Manche befürchten, dass wir der nächsten Generation die Last der Abfallentsorgung aufbürden, wenn wir eine solche Anlage nicht bauen. Aber als junger Mensch in meinen 20ern, der dieses Jahr ein Kind erwartet, fühle ich mich sehr wohl mit der Art und Weise, wie wir mit nuklearen Abfällen umgehen, damit, mehr davon zu produzieren und diese Verantwortung an unsere Kinder weiterzugeben. Ich hoffe, dass die Generation meiner Tochter viele neue Kernkraftwerke erben wird, die saubere Energie erzeugen – und den damit verbundenen Abfall.

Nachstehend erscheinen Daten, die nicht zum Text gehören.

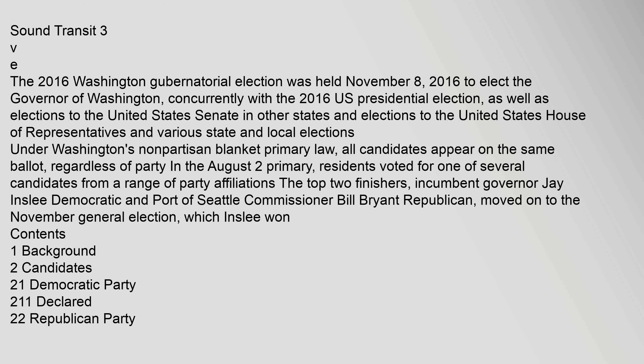The 2016 Washington gubernatorial election was held November 8, 2016 to elect the governor of Washington, concurrently with the 2016 U.S. presidential election. Under Washington's nonpartisan blanket primary law, all candidates appear on the same ballot regardless of party in the August 2 primary. The top two finishers, incumbent Governor Jay Inslee Democratic and Port of Seattle Commissioner Bill Bryant Republican, moved on to the November general election.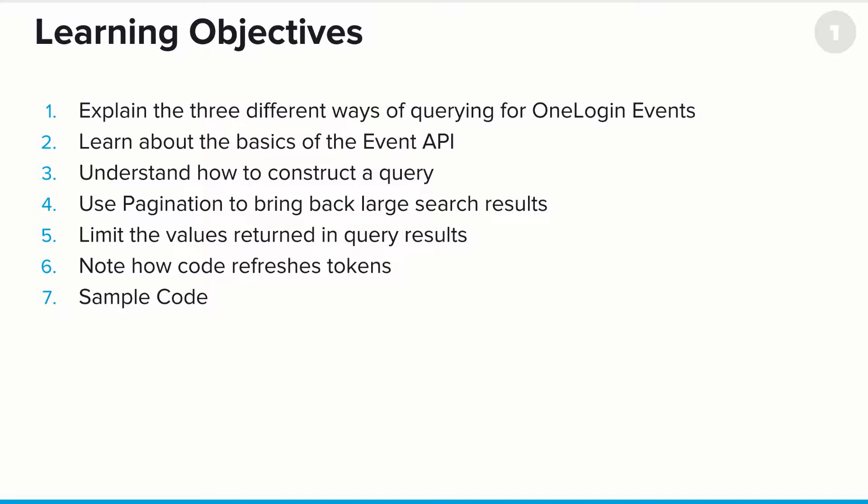In this case, we'll be explaining the three different ways of querying for OneLogin events. We'll learn about some of the basics of the event API, understand how to construct a query, how pagination works to bring back large result sets, how to limit the values returned when you query for events, and we'll be going over some sections showing how the code refreshes tokens along with some sample code.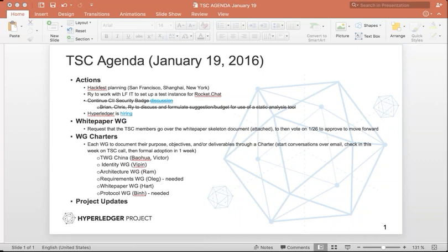I would suggest we take a quick vote. Rather than doing a roll call, I'd suggest we just say: does anybody object to approving this as the Architectural Working Group Charter? Hearing no objections, I think it's approved.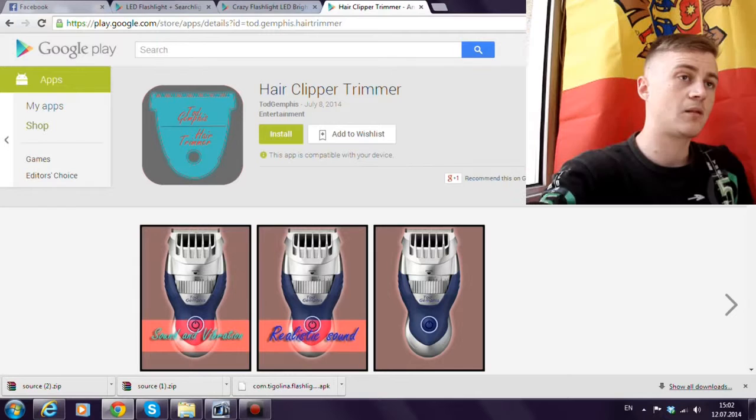What's up guys, in today's video I will show you how to install Android SDK using Eclipse. Let's do it!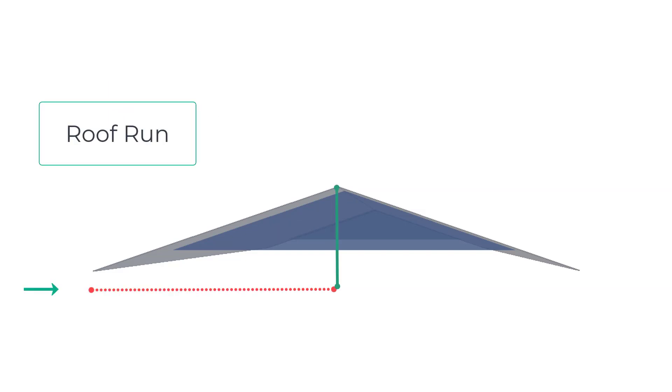The run of the roof is a horizontal measurement and is the distance from the roof ridge line to the edge of the roof. For example, on a basic gable roof this measurement would be half the span.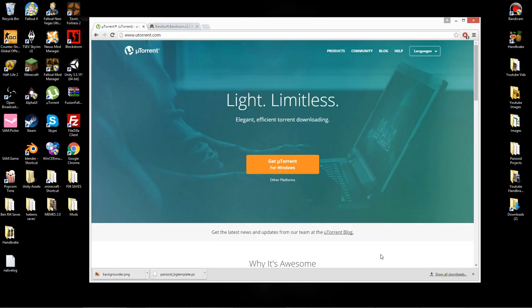Hey guys, Wi-Fi Spy here, and in this video I'm going to be teaching you how to get Bandicam for free.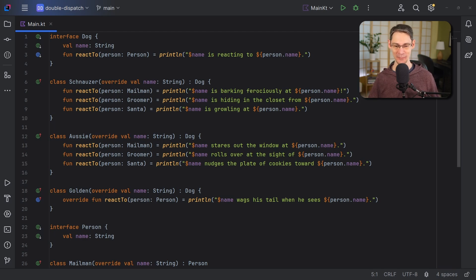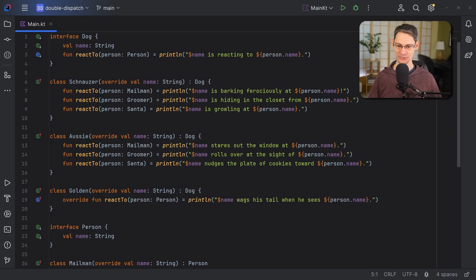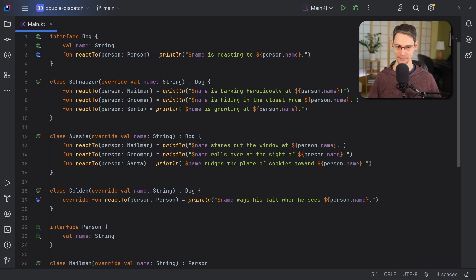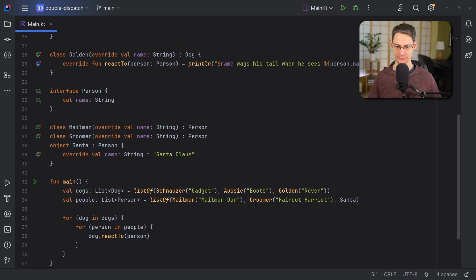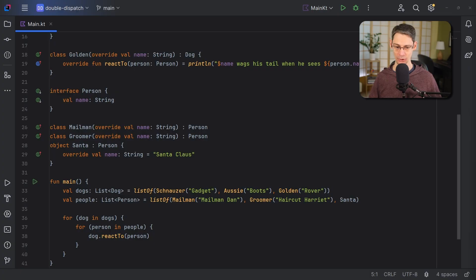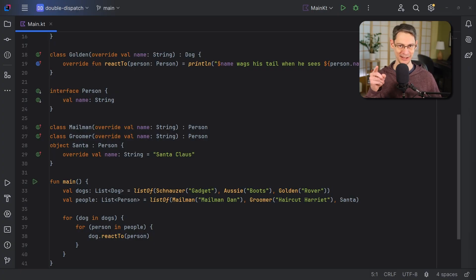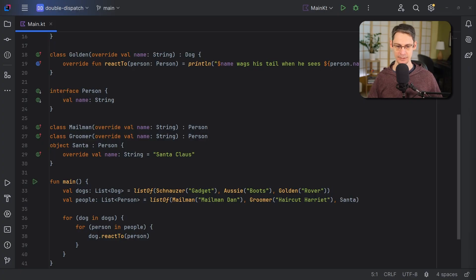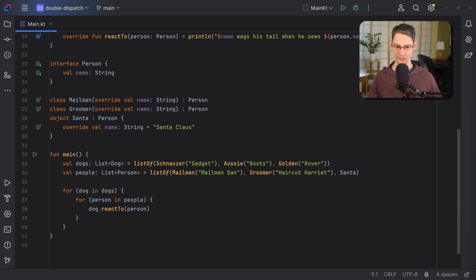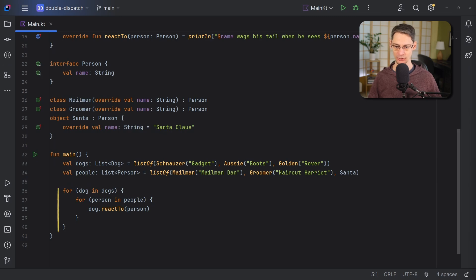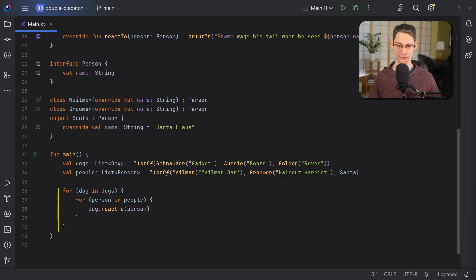So to model these interactions, I've got three subtypes of dog: schnauzer, Aussie, and golden. And down here, we've got three subtypes of person, including a class for mailman, a class for groomer, and an object for Santa, because there's only one Santa Claus. In our main function, we've got a list of dogs and a list of people. And then we loop over all of them to see how the interaction goes for each combination of dog and person.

Die Abfälle sollten wirklich ein Hauptargument für die Kernenergie sein, insbesondere für diejenigen, denen die Umwelt am Herzen liegt: Er ist nicht sehr groß, lässt sich leicht eindämmen, wird mit der Zeit immer sicherer und kann recycelt werden. Und jeder Behälter mit abgebrannten Brennelementen steht nach einer Schätzung für etwa 2,2 Millionen Tonnen Kohlenstoff, die nicht durch fossile Brennstoffe in die Atmosphäre gelangt sind. Für mich bedeutet jedes Fass Hoffnung auf eine sicherere, bessere Zukunft.
*Madison Hilly ist die Gründerin der Campaign for a Green Nuclear Deal. Sie schrieb diesen Kommentar für die New York Times.